Morgan: Science wasn’t even my thing either. I just loved the narrative of people’s lives and their bodies. Anyway, when I was in high school, I was bullied a lot. I’m not a confrontational person. I internalized a lot of that low self-esteem. I wanted to escape. Because I didn’t have a passport at the time, plus I was a minor, the only way I could escape was through fiction. Every day when I’d get home, I hurry through my homework and I’d start writing fictious stories as a way to cope. I continued to do that well into college when I matriculated at Princeton. I knew that I wanted to be a writer, but I had a lot of colleagues who were applying to med school, applying to law school, going into banking. It was like, oh, my god, am I going to waste my degree and I should maybe try to get a job at Goldman Sachs or something like that? When I graduated from college, I didn’t get a job anywhere. I didn’t get a job. I was applying for entry-level positions at publishing houses and literary agencies assuming that that would be my way in. Granted, I had already done unpaid internships like I was told. I was told you had to do unpaid internships in order to get a foothold. As you know, that puts a lot of economically disadvantaged people with the short end of the stick. I did all of that. Graduated from the number-one university in the country. Still couldn’t get a job. I returned home jobless, heartbroken.
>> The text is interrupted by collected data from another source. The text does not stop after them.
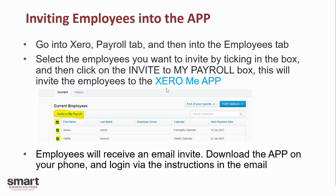Employees will receive an email invite. Download the app on your phone and then log in by the instructions in the email. It's quite straightforward if you've already logged in to Zero. If you are working on Zero within your employer's business, maybe using a different business email address, then use your personal email if that's the one recorded in their payroll. You'll be able to log in and download the app.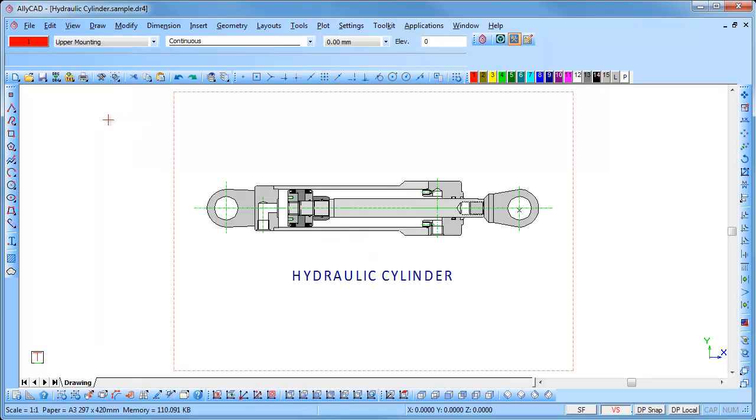AllyCAD will redraw the drawing to show the paper border. The border is just to make it easier for you to relate to the scale of your drawing relative to the paper. You are not restricted to draw only within the paper limits.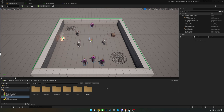Welcome back to the TopDown RPG Template Tutorial Series. In the previous video, we covered interactable actors. Today, we'll be creating projectiles and assigning them to skills and weapons. So let's dive right in.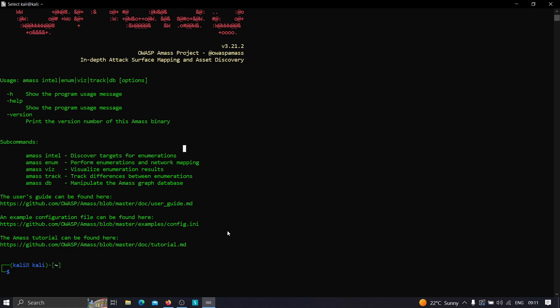In order to find root domains, we can simply use Amass. If you use some other websites like ViewDNS and others, they require some kind of payment - you need to pay to get a thousand or a hundred results. Amass is quite good in terms of that. Let me show you how we can enumerate root domains using Amass.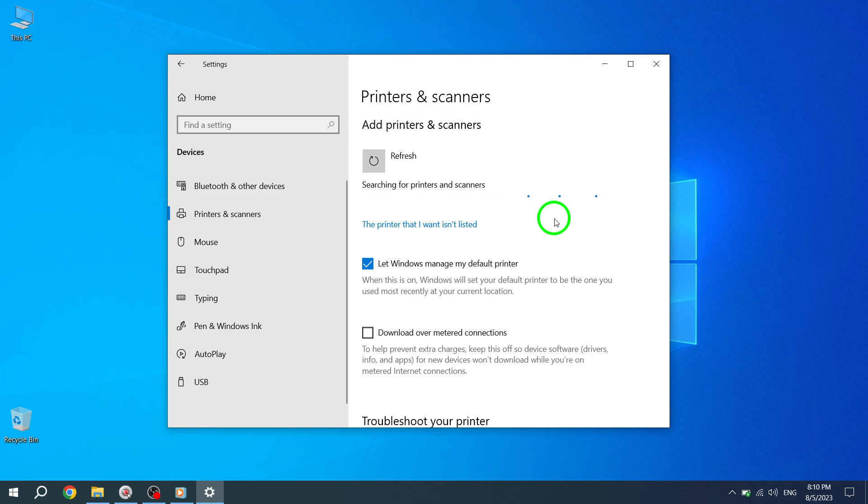Congratulations! You have successfully added a printer or scanner to your Windows 10 computer. Adding a printer or scanner to your Windows 10 device is a simple process that ensures you can easily print and scan your documents whenever needed.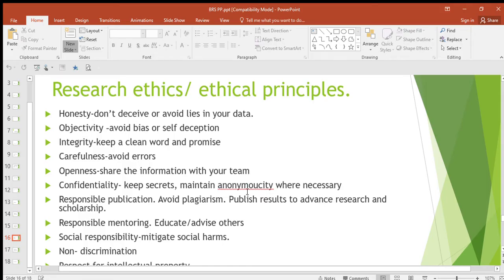Be anonymous where necessary. When you're doing research you're not supposed to tell the whole world about your research before the results are ready — keep some secrets to yourself.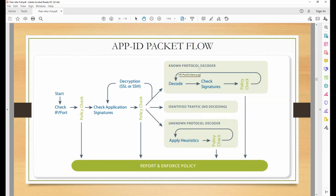Then there is the case of a known protocol, like FTP, but it is a customized FTP for your organization. It is a known protocol, but it will require decoding. While decoding, it will check the decode, then check the signature, then check the policy - the same process repeats. After decoding, it will identify it as FTP, but your system may get confused with any custom application of FTP used in your environment, so it won't get identified straight away.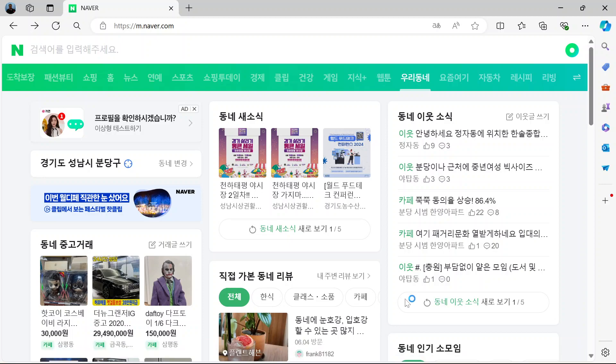Hi and welcome. In this video I'm going to show you how to change the NAVER app or website to English. Let me demonstrate it on the website version, and it applies to the app as well. Come to the website m.naver.com and you can see it here all in Korean.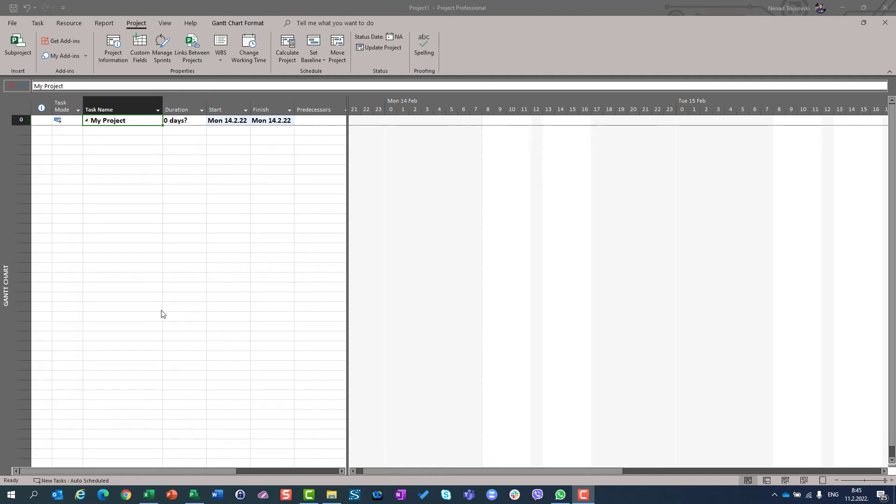Hello. Today I'm going to show you how to set up specific project start time and when to do that. Because in some cases you will see some odd behavior of Microsoft Project. Let me show you.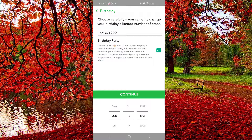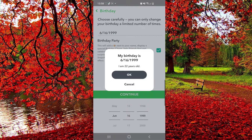Set your birthday just like this, then hit Continue. Make sure to check again if your birthday is correct. They will ask you to confirm — if your birthday is on this date, click OK. If it's incorrect, click Cancel and set your birthday once again.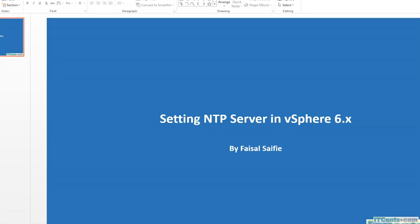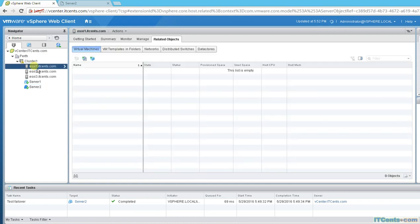Setting NTP servers in vSphere 6 is very important for time synchronization. When we install ESXi we did not configure NTP, but in your production environment you have to have an NTP server. You may have a hardware-based NTP, or maybe your core switch is working as NTP and syncing time with some external source. You need to set NTP to make sure there are no issues related to time.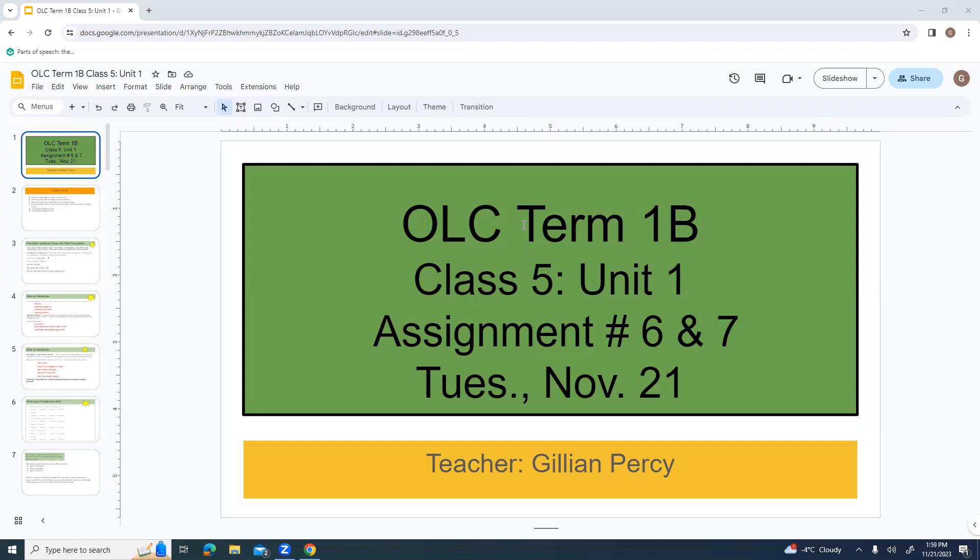Welcome to OLC 4-0, this is Term 1B, Class 5. We're working on Assignments 6 and 7 today, and it is Tuesday, November 21st, and I am Jillian Pursey.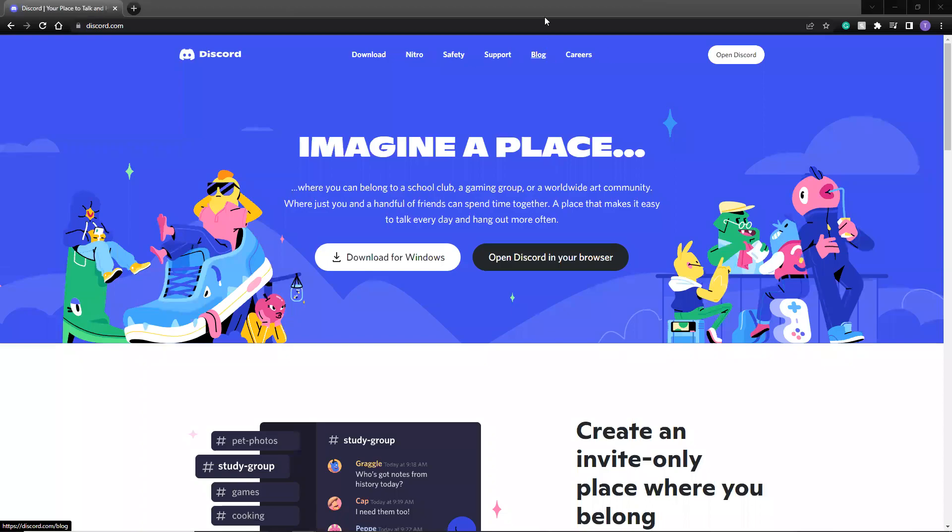Welcome new applicants. This is a short video about how to get started on Discord.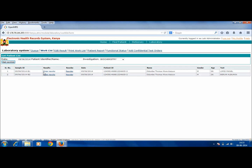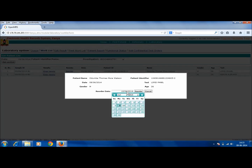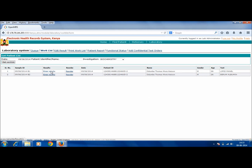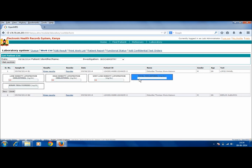Now there appear two options: Enter Results and Reorder. In case a test has to be reordered, it can be done by clicking on Reorder and by putting in a reorder date. So the test is then reordered for that day to which it has been scheduled to. Or else we can enter results by clicking on Enter Results and by putting in the values in the fields that appear. After the fields have been filled in, click on Save.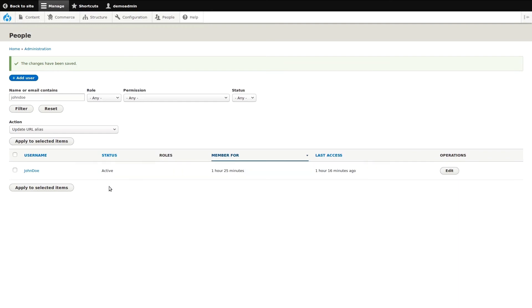As you can see, it's pretty simple to manage your users however you need to do it. What you've just seen is the default Drupal and Drupal Commerce interface for user accounts management. However, additional modules and configuration can extend the functionality to make it even more robust for whatever situation you may need.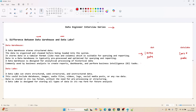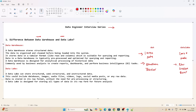In the case of the data warehouse, we generally store structured data — mostly tabular data. But in the case of the data lake, we store structured data, unstructured data, and semi-structured data. All kinds of data are stored in a data lake — it can be an image, it can be a video, any kind of data.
The only thing that I had as an anchor was that I was in an MFA program at Bennington, which is a low-residency program. I had some insecurities there because I was the youngest and I was the only black person in my cohort. I was like, oh, my gosh, am I the token? even though I had a wonderful experience there. When I was online, I was spending just an extraordinarily large amount of hours online, particularly on Twitter. I’d see people my age exchanging content. I was like, oh, you can exchange content and you can get paid for it? Then I’m going to do that. Because I had so much time on my hands, I was able to amass a large amount of bylines in a short amount of time. Then everything just started to take off like a rocket. In 2015, I moved to New York. I also got an agent. I also met the woman who would become the acquiring editor for my first book through Twitter as well. The week that I was graduating from my MFA program, I was fielding calls from editors interested in acquiring my first book. That was in June 2016. January 2018 is when This Will Be My Undoing: Living at the Intersection of Black, Female, and Feminist in (White) America was released. It debuted on the New York Times best-seller list. Then from there, I taught at Bennington as a teaching fellow. I taught at Columbia University, Leipzig University. I’ve done speaking engagements. Of course, I just released my sophomore book in August of this year.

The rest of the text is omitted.